*Task prompt:*
Only the lines containing the string "Saints" are needed; copy all of them from the listing.

*Material for this task:*

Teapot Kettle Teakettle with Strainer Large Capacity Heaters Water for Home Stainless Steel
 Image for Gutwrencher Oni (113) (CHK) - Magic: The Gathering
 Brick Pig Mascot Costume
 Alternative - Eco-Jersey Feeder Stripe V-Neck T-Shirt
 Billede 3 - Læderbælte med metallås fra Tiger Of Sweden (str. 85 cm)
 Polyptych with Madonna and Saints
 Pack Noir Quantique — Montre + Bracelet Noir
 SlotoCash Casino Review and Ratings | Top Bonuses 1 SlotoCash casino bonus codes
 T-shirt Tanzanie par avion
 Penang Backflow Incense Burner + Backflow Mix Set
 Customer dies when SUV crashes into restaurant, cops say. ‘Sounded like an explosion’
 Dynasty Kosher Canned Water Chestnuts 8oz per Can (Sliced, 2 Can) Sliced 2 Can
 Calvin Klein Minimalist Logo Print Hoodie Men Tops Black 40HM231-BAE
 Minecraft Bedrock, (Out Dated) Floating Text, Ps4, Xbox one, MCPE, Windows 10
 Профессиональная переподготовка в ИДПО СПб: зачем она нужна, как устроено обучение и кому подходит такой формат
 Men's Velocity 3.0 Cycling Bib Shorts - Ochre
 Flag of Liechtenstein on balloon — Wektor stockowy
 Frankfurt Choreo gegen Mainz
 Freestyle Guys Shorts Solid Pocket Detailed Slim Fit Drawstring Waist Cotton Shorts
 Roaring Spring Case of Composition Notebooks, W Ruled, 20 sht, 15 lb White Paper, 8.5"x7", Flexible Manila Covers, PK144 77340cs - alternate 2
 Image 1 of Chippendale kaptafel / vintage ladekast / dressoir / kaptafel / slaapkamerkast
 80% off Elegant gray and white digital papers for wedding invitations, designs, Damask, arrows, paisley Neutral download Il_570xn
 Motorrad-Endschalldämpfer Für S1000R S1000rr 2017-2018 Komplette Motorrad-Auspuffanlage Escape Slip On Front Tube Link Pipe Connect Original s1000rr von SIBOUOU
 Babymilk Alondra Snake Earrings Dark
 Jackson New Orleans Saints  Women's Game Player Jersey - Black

*Output for this task:*
 Polyptych with Madonna and Saints
 Jackson New Orleans Saints  Women's Game Player Jersey - Black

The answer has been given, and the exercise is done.